I thought this was the old traditional stance of Christianity. Wanting to be a good conservative, defend tradition, and fight radical new ideas, I defended what I was taught in evangelicalism – that Israel, not the Church, was God’s chosen people. But the more I studied the Bible and church history, the more I learned that what I had been taught in evangelicalism wasn’t the old view at all. It was a very new view, arising only in the mid-1800’s and spreading through evangelical churches in the 20th century.
I was surprised to find that I was fighting the old and defending the new!
The old traditional view was that the program with Israel was the temporary one, set aside for good when Israel rejected Jesus. The Law and the Prophets are fulfilled in Christ, not in national Israel’s politics. God’s work in the world is the work of the body of Christ, not the modern state of Israel. Christianity has taught these things for 2,000 years.

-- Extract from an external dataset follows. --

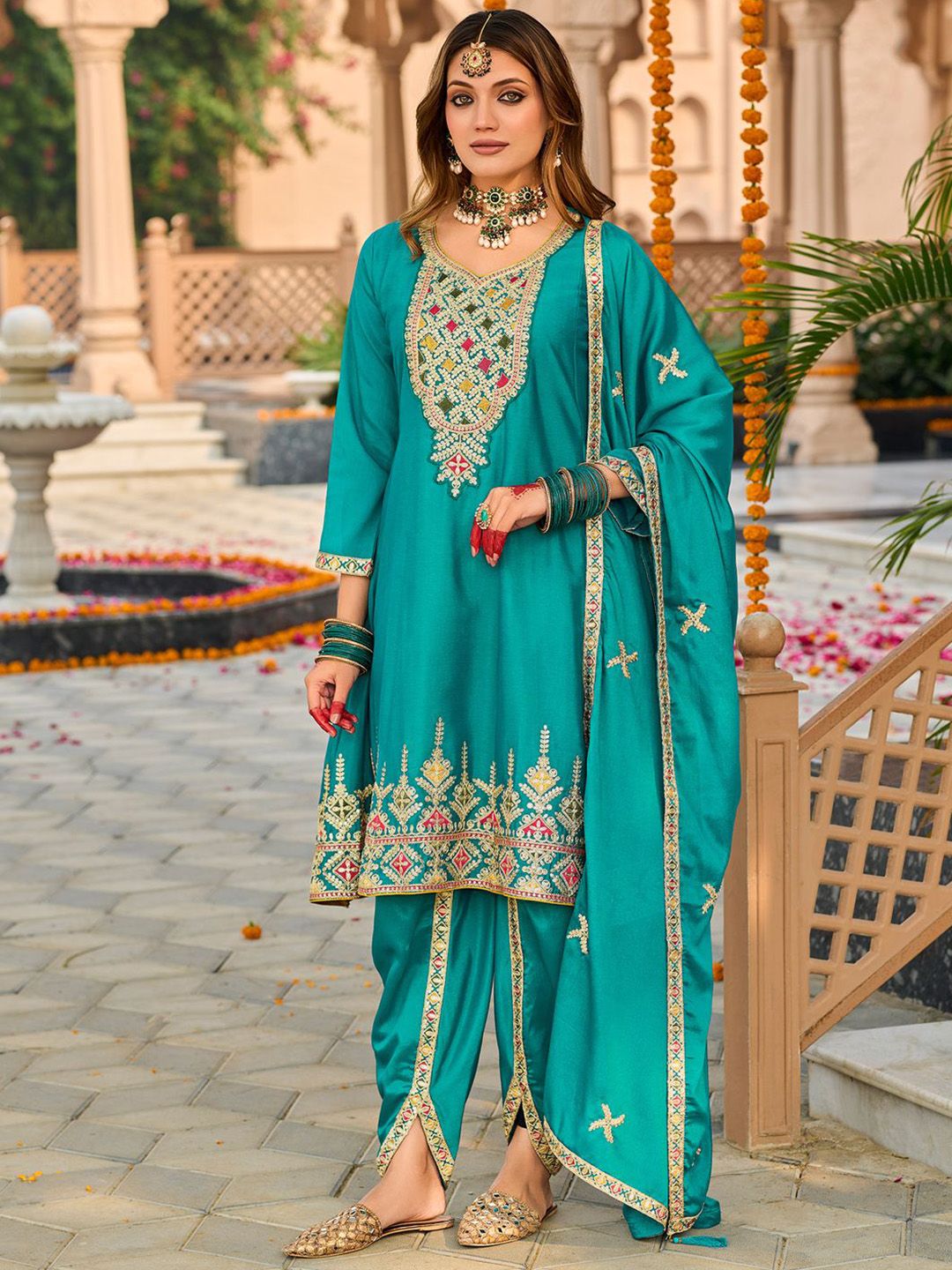 Floral Embroidered Mirror Work Sequinned Anarkali Kurta With Dhoti & Dupatta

Newness doesn’t make an idea wrong. Some new ideas are excellent. The roundness of the earth (as opposed to its being flat), its revolution around the sun (rather than being the center of the universe), germs as the cause of illness (rather than imbalanced bodily humors), and electricity as a safe source of power (people feared it at first) used to be new ideas about which people were initially suspicious but turned out to be better than the old.
But new things must be tested, and a few things bothered me about this relatively new idea that the unbelieving state of Israel (not the believing Church) is the true people of God. In particular I had (and continue to have) a problem with the idea that after Christ’s death put away the old system of animal sacrifices, after the curtain of the Holy of Holies was torn open at His death, and after the Temple and Jerusalem were judged and destroyed as Jesus predicted, that somehow all of these things that were intentionally discarded will be restored as the center of God’s program. The entire argument of the book of Hebrews is that animal sacrifices were mere pictures pointing forward to the perfect sacrifice of Jesus, and now that Jesus’ perfect sacrifice has been offered, there is no need for animal sacrifices ever again. They are finished forever.
Israel’s future is not bound up with a restored Temple, a restored priesthood, or restored animal sacrifices. If she has a future, it is bound up with her return to faith in the One who put the Old Testament away by His death on the cross and began a new creation by His resurrection.
And that’s why I no longer worry or get excited about or feel a need to preach about turmoil in the Middle East being indicative of the end times. When Israelis and Jews around the world start finding their hope in Jesus Christ just as He is ours – that’s when we better start paying attention to “the end times”.